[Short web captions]
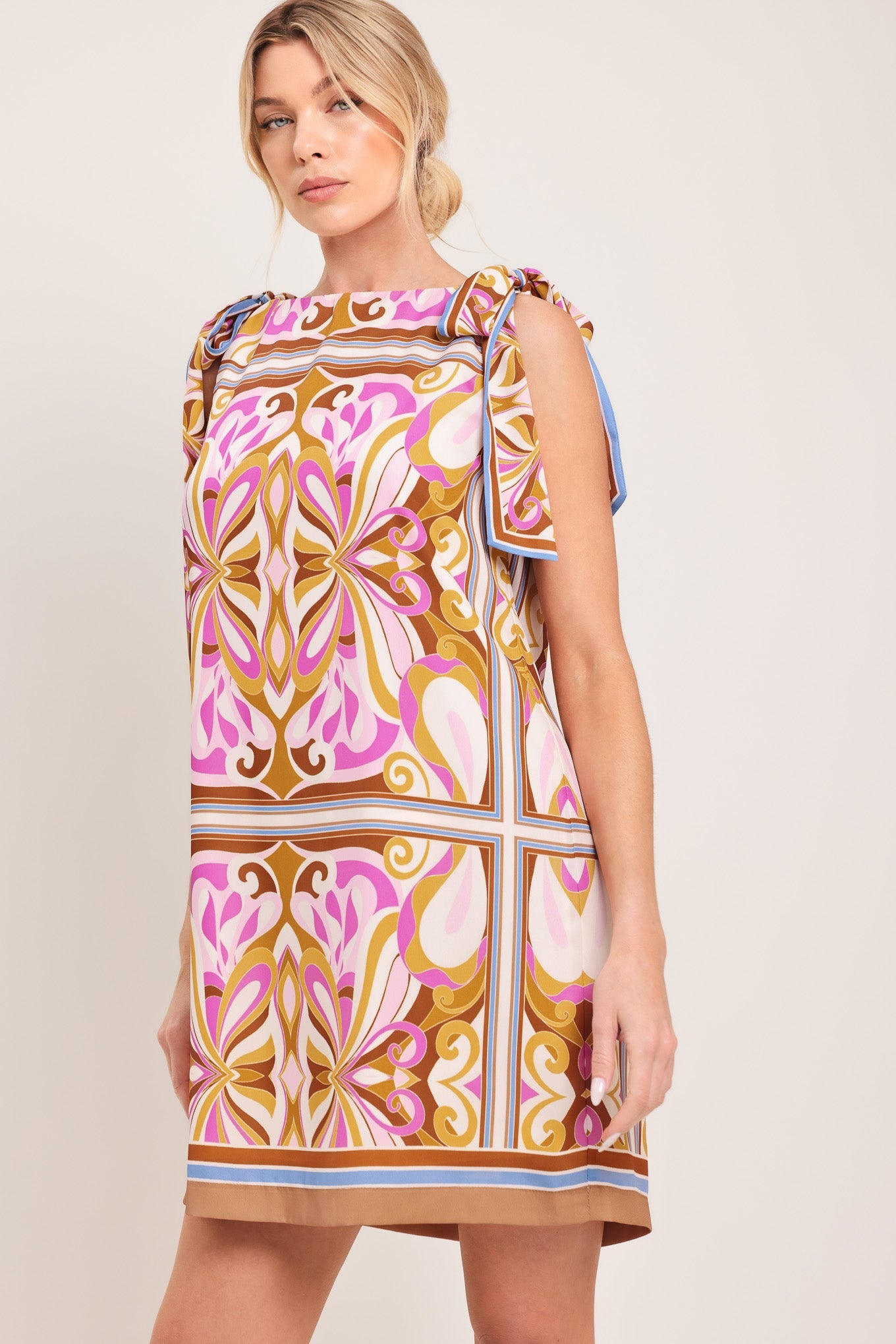 GOLDEN PSYCHE Resort WOVEN MINI DRESS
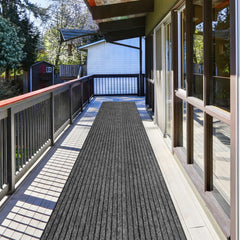 ZGR Runner Rug 2 ft x 47 ft Indoor/Outdoor Low Profile Hallway Kitchen Patio Deck Area RV Entryway Garage with Natural Non-Slip Rubber Backing Gray with Black Stripe Custom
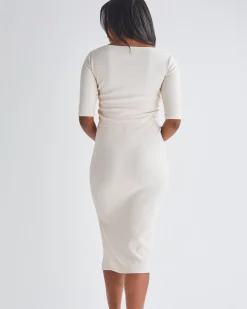 Athena Maternity Pencil Midi Skirt In Oat Milk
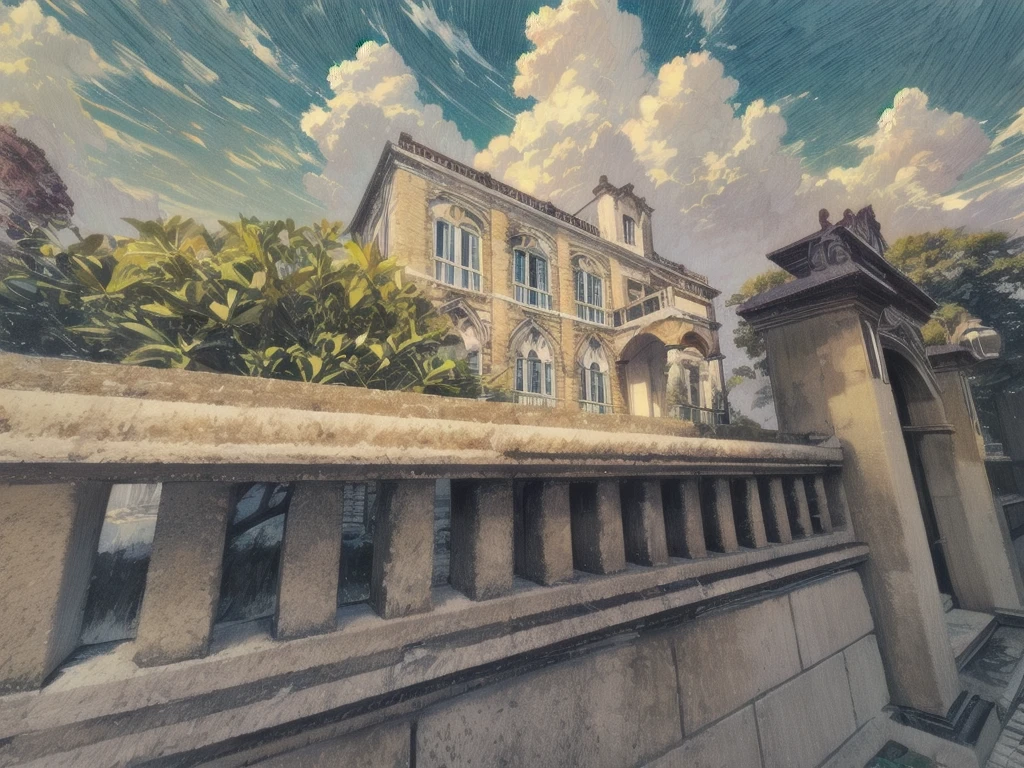 (masterpiece,best quality:1.2),(Extremely detailed),(illustration),(clearly_image),Art,Outdoor style, cloud, sky空, flower, sky, landscape, blue sky空, road, architecture, house, cloudy sky空, 夏sky, street, wild flower, from above,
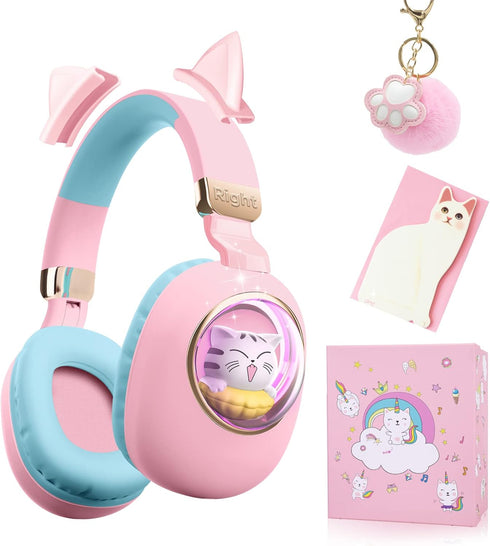 QearFun 7 Colors LED Light Up 3D Cat Headphones Bluetooth, Foldable Cat Ear Wireless On Ear Earphones Gaming Headset with Mic & 3.5mm Jack, Gifts ...
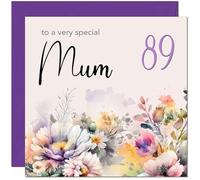 89th Mum Birthday Card - Purple Floral Mother Mom Mums Birthday Card for 89 Year old Eighty Nine, Eighty Ninth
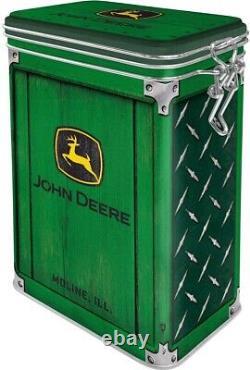 Vintage Style Retro Embossed Tin with Clip Close Lid John Deere Tractors
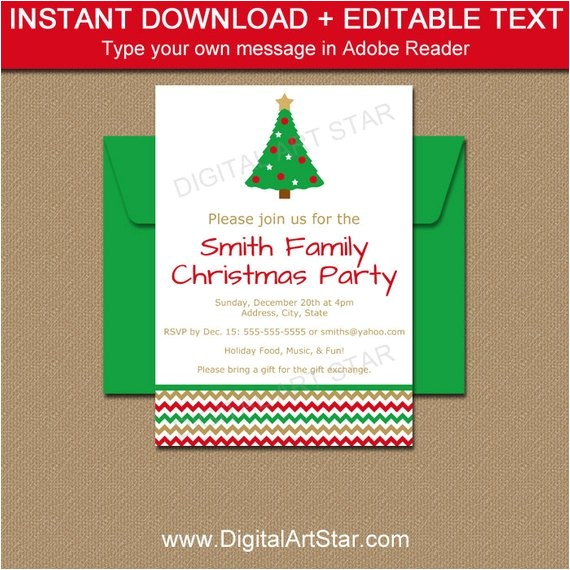 instant download christmas invitations editable holiday
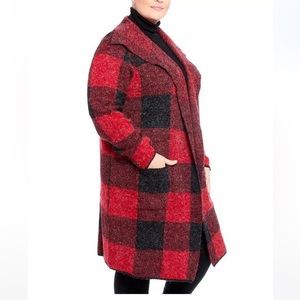 Abrigo escoces con cuello de solapa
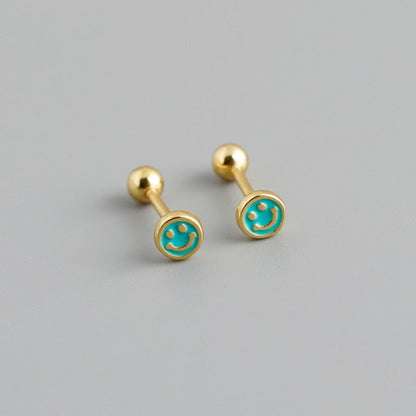 Small Sterling Silver Happy Face Earring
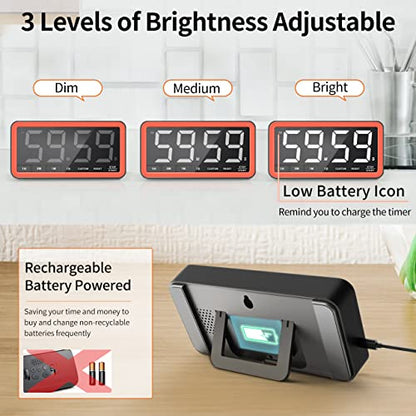 VOCOO Large 7.8" Digital Timer, Magnetic LED Timer for Kitchen & Classroom - color: Black Red
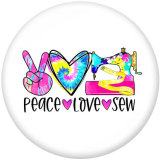 20MM  Love peace sew  Print   glass  snaps buttons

## Problem to solve
Leave out every picture, and repeat word for word only the lines from the one holding "Athena Maternity Pencil" through the end of the entries above, both ends included.

## The answer
 Athena Maternity Pencil Midi Skirt In Oat Milk
 (masterpiece,best quality:1.2),(Extremely detailed),(illustration),(clearly_image),Art,Outdoor style, cloud, sky空, flower, sky, landscape, blue sky空, road, architecture, house, cloudy sky空, 夏sky, street, wild flower, from above,
 QearFun 7 Colors LED Light Up 3D Cat Headphones Bluetooth, Foldable Cat Ear Wireless On Ear Earphones Gaming Headset with Mic & 3.5mm Jack, Gifts ...
 89th Mum Birthday Card - Purple Floral Mother Mom Mums Birthday Card for 89 Year old Eighty Nine, Eighty Ninth
 Vintage Style Retro Embossed Tin with Clip Close Lid John Deere Tractors
 instant download christmas invitations editable holiday
 Abrigo escoces con cuello de solapa
 Small Sterling Silver Happy Face Earring
 VOCOO Large 7.8" Digital Timer, Magnetic LED Timer for Kitchen & Classroom - color: Black Red
 20MM  Love peace sew  Print   glass  snaps buttons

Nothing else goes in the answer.